## SOURCE DATA:
::::

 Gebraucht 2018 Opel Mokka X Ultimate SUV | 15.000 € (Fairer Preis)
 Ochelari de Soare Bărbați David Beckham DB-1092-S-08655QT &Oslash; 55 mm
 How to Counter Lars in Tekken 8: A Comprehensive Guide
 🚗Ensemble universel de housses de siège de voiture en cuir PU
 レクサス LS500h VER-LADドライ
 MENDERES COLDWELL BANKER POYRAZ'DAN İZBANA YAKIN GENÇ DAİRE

::::

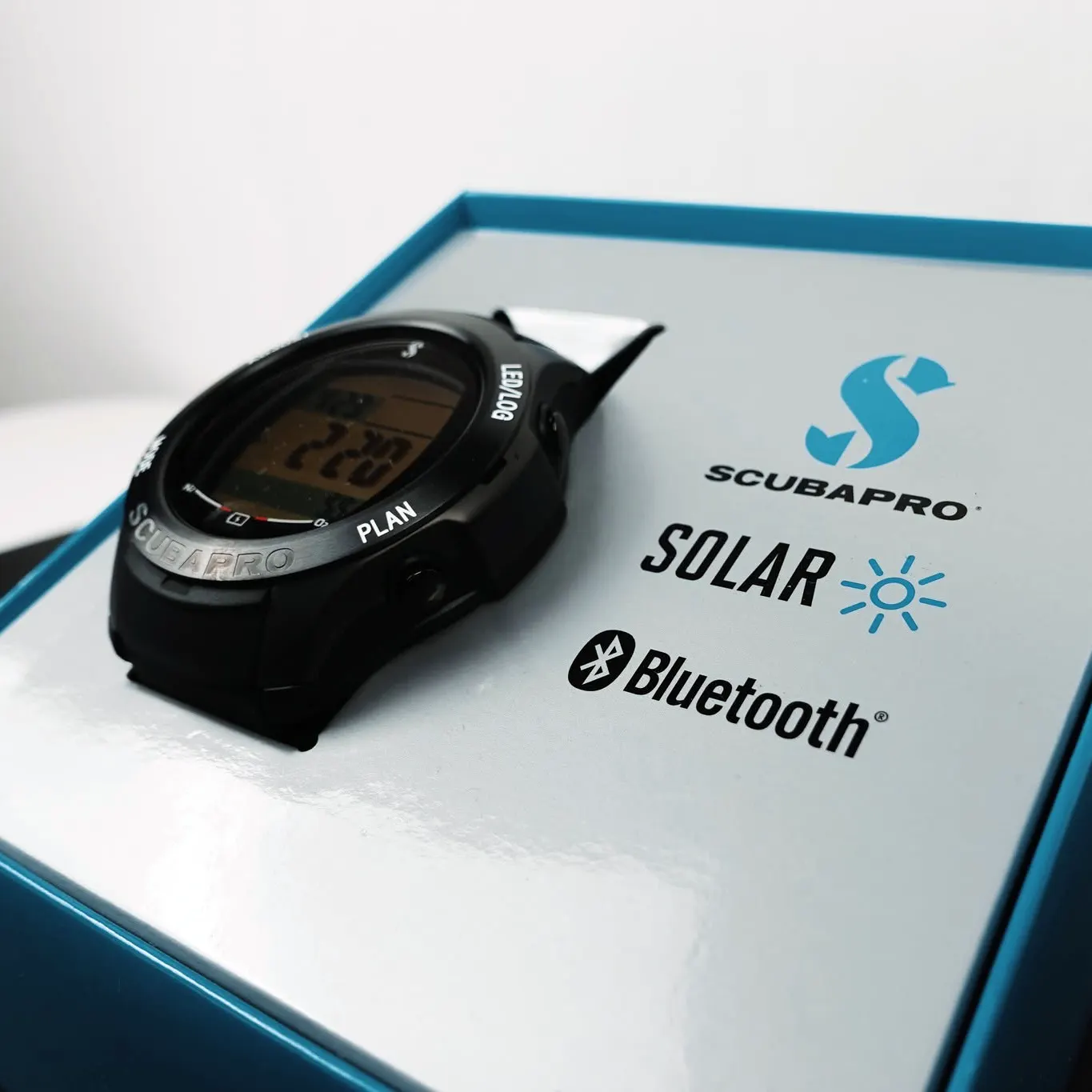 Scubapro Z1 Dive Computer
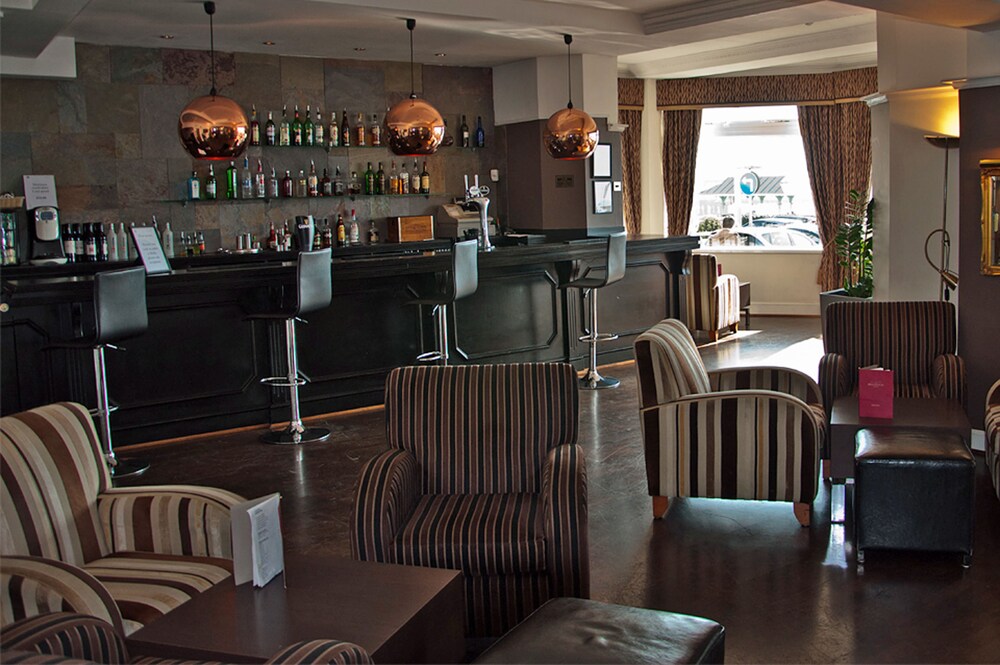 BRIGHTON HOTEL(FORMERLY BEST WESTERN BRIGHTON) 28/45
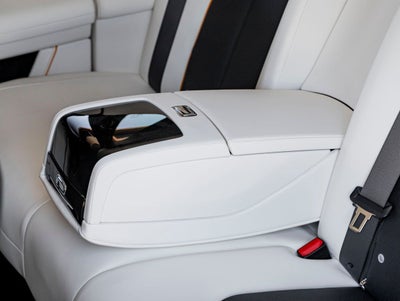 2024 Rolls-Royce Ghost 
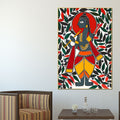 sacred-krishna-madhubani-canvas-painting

::::

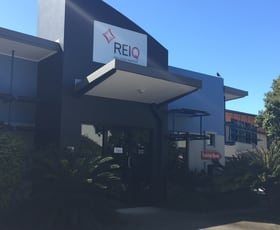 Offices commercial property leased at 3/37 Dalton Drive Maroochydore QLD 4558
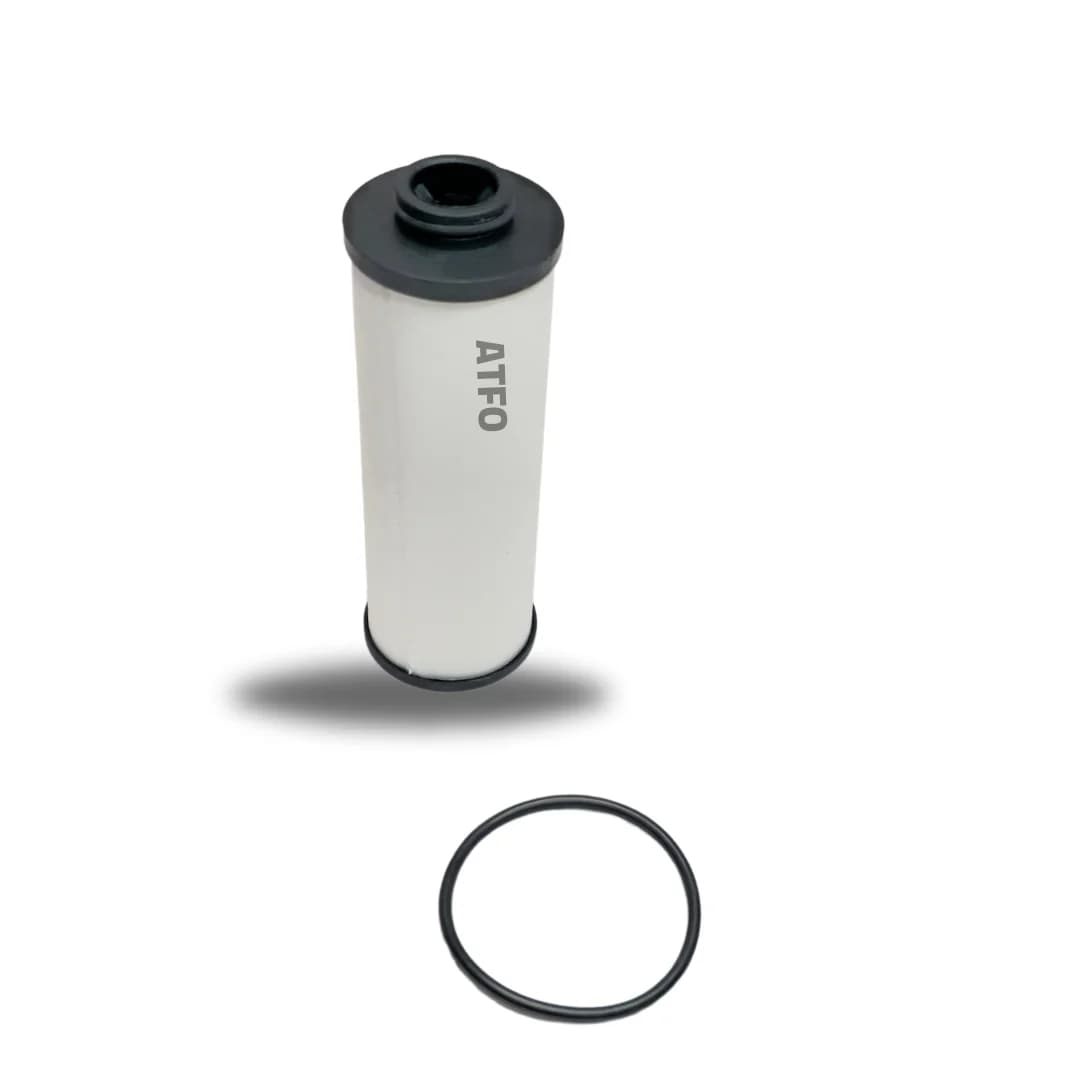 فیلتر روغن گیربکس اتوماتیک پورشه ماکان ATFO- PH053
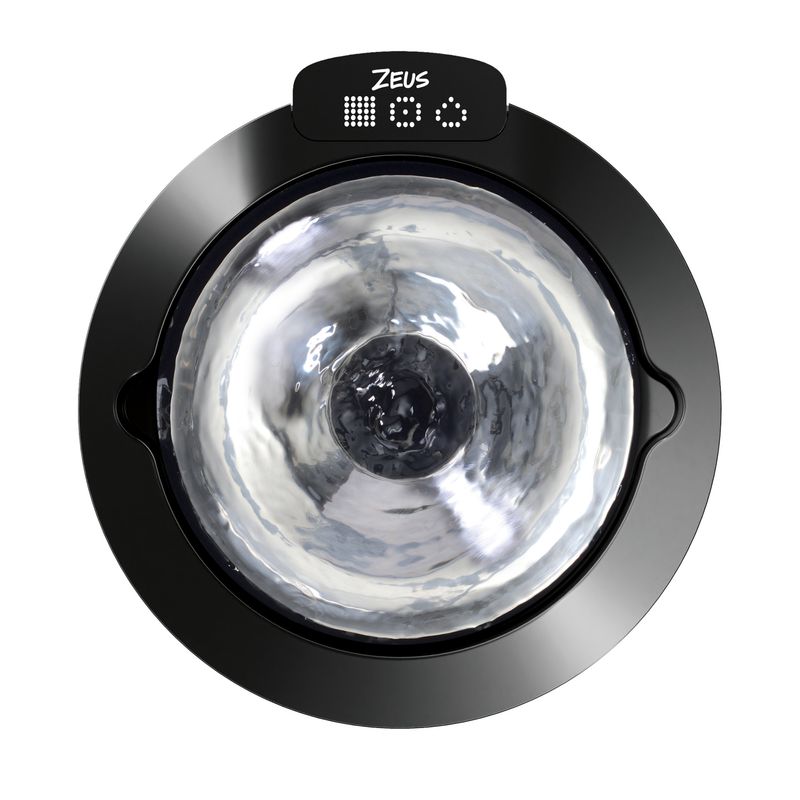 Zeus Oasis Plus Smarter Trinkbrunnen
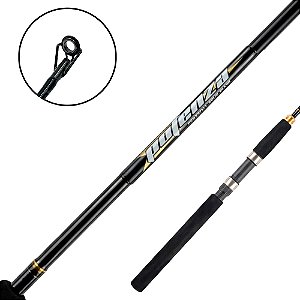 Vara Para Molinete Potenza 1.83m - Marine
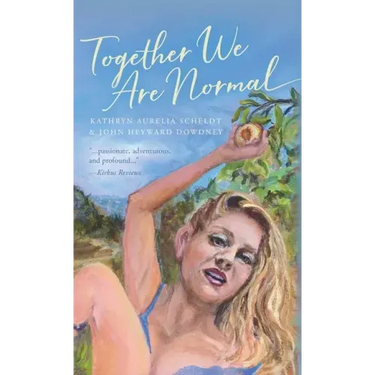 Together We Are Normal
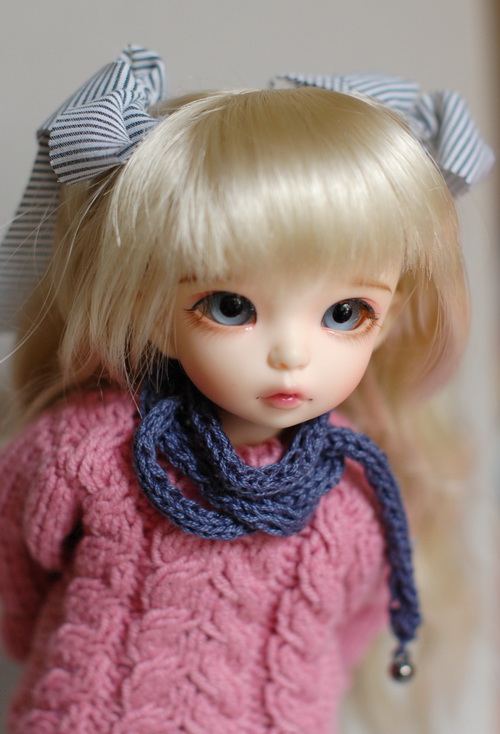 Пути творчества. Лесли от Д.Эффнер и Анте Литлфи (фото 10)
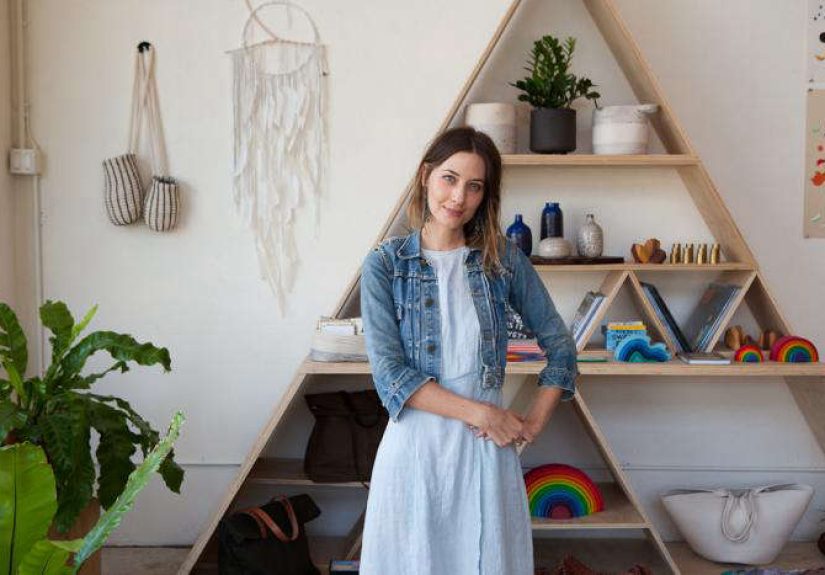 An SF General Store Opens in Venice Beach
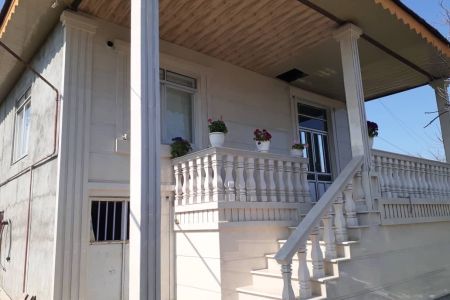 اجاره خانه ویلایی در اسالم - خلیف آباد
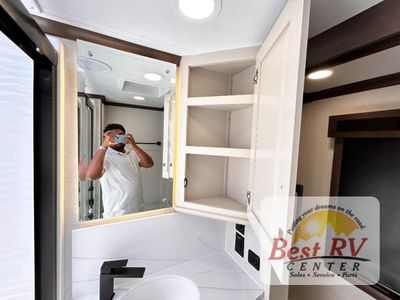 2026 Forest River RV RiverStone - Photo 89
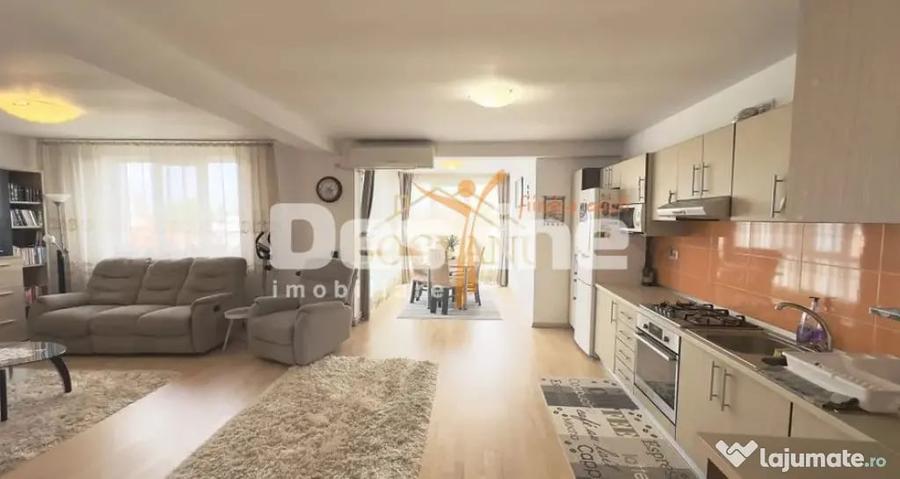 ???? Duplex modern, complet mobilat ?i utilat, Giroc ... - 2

::::

## WHAT IS REQUIRED:
Using the records above, return word for word the lines that begin at the one containing "2026 Forest River RV RiverStone - Photo 89" and end at the one containing "Giroc ... - 2", both of them included and no pictures.

## EXERCISE OUTPUT:
 2026 Forest River RV RiverStone - Photo 89
 ???? Duplex modern, complet mobilat ?i utilat, Giroc ... - 2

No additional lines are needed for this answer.